Norway and fair-weather cyclists are working on their love for each other. ‘Once Norway, always Norway’ is something we hear more than once from German tourists, mostly traveling in motorhomes. We struggle with the weather, with the ‘simple life’ on campsites, with the ‘happy’ Norwegians. Perhaps Norway is only partially suitable for exploring by bike, the seemingly endless country stretching northwards. Or maybe we are the ones looking for the city and its people? Those who live largely in the dark for months may become strange. Hardly anyone notices us on the road. That has never happened to us in any of the countries we have cycled through. The only people who greet us here are athletes – racing cyclists, joggers, cross-country skiers on roller skis and skaters. That is nice too, of course.
Today we come to a dead end. The path ends in front of a private house with an open window. Maybe someone can help us. A person appears at the window, sees us and closes the window – also a message.

City Hall in Kristiansand
Kristiansand: Picnic in the park
Kristiansand’s Dom

From Kristianssand, the cycle path heads north. Another two hours until it is supposed to rain. Arrival 5 p.m., Bornes Camping. We stay dry. After check-in by the gentleman with typical Norwegian charm, there is the predicted downpour. We spend the evening eating muesli and chocolate in the drying room. There is a house and it is heated. Real luxury for us cyclists. We go through all the possible options for the onward journey: 1) north, 2) east, 3) west or even 4) the ferry to Denmark and from there to Gothenburg and on through Sweden. Endure and persevere. We head north for now.

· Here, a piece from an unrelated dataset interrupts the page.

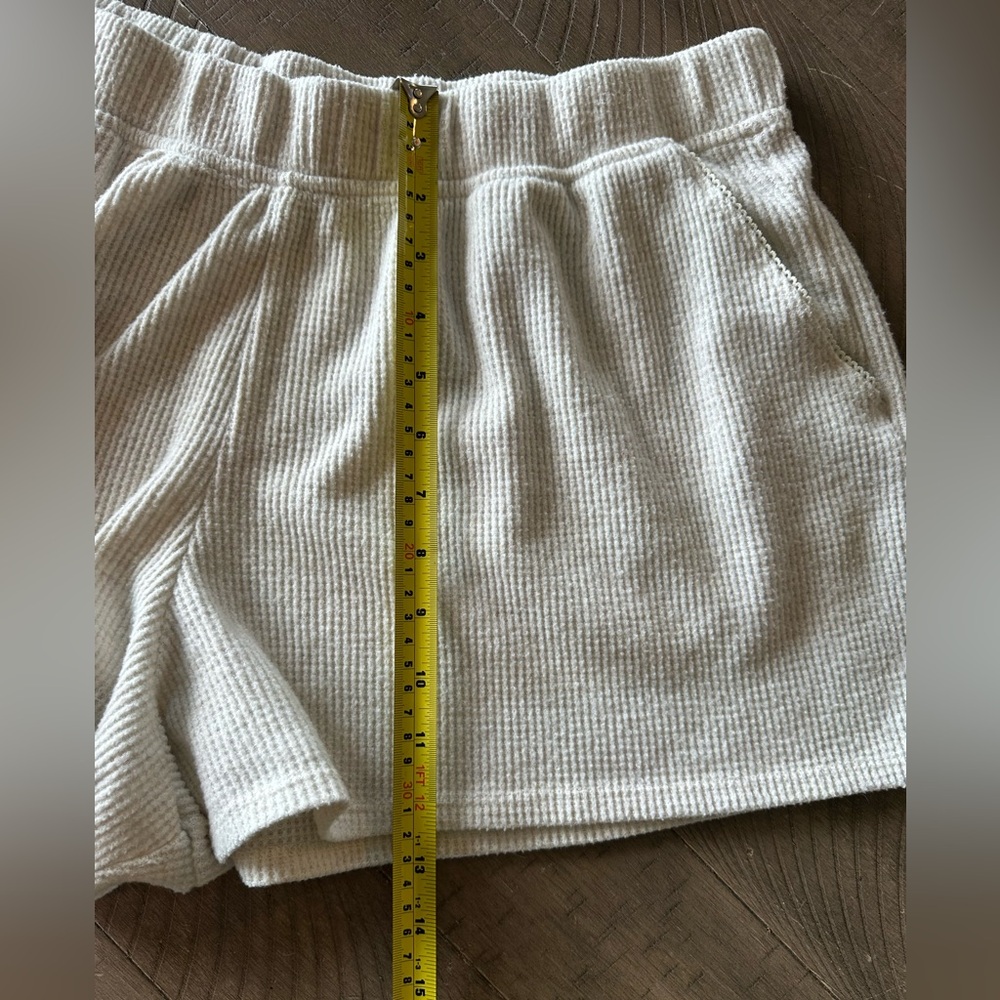 Aerie Cream Waffle Knit Pull On Lounge Shorts Detailed Pockets size XL - Picture 8 of 12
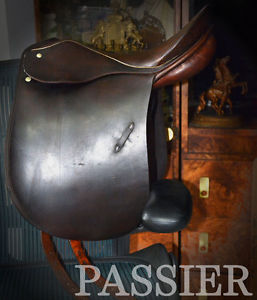 G. Passier & Sohn Hannover Dressage Saddle 16.5 Wide Tree GUC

Finally, our cozy sleeping bags get the appreciation they deserve. In the morning, we pack up the tent wet and cycle on through the beautiful Setlasdal valley, reaching Evje after 25 kilometers, a small Norwegian settlement with a pleasing number of stores. Iron and other ores used to be mined here. The scenery is magnificent. We have breakfast by the river and spontaneously decide to spend the day and night at the campsite not far away: Camping Odden. It is a beautiful spot in the sun and rain. The tent is quickly dried and we stroll through the stores together. There are reindeer skins to buy, souvenirs and something to eat. We go to the library with tourist information to plan the rest of the route.

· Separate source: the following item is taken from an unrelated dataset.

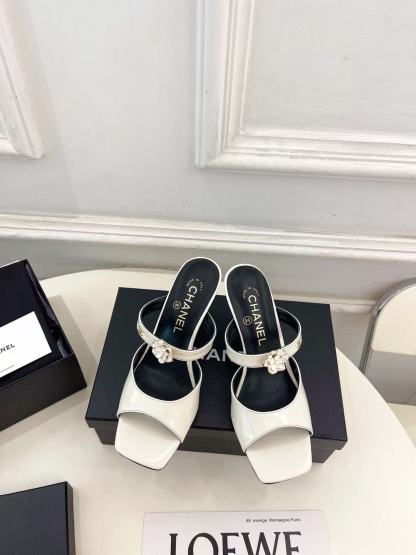 CHANE1 高品質ダブルC カメリア ハイヒールサンダル【50％割引+送料無料】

Camping Odden: View from the breakfast area

We crawl into the tent with the great feeling that we will be looking up at a blue sky in the morning.
That is exactly what happens. The sky is blue. Breakfast by the river. It does not get any better than this and the day’s stage is really strong. Just like you imagine Norway… or Switzerland. We cycle along the National Cycle Route 3 ‘Fjords and Mountains’, always alongside the Okra. It goes up and down. Gigantic rock formations with rushing waterfalls to the right and left. ‘Arte live’ in a nutshell.

The only thing missing is the polar bear waiting for the salmon
Picnic area in Setlasdal: In Norway there are little houses for toilets, for waste, for letterboxes …
… Bus shelter

After 110 kilometers with a stiff breeze from the front, we are welcomed at Camping Flateland, at the foot of a waterfall. The nice woman at reception is delighted to see us cyclists. She cycled from Holland to Rome last year. Today she is proud of us.
We find a place to sit and then watch Germany play in the European Championship. We enjoy the warm sun in the lee of the tent. Wonderful! It can go on like this.

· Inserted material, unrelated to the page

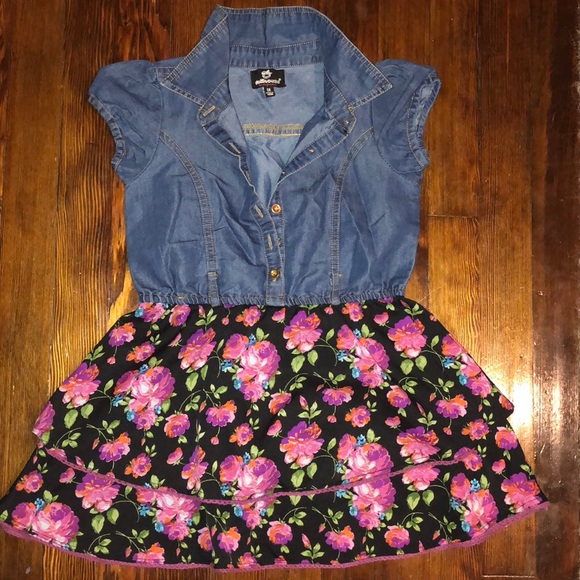 Girls Dollhouse size 6x 👗 - Picture 1 of 3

One of countless waterfalls
Campsite with self-service, founded in 1939

High rock faces, black-blue water. Sometimes to the right of the water, sometimes to the left. On the other side, cars and motorhomes. Via Hovden we head for Haukeli. Haukeli is the gateway to Hangardavidda, the national park, a large plateau at an altitude of 1300m. Still icy today. Tomorrow the temperatures will rise. And again, we are confident that we will crawl out of the tent dry tomorrow and squint into the sun.

Camping Flothyl in the evening sun: The flyers indicate the strong, fresh west wind.
The next morning: the sun invites us to breakfast. The wind is blown away.

Midsummer. Fifty-five kilometers of the E134 road lie ahead of us to the next town with shops, Røldal. Time flies by. Norway shows its best side. Most of the tunnels are closed to cyclists and we cycle around them on the beautiful old pass roads. We are really blown away.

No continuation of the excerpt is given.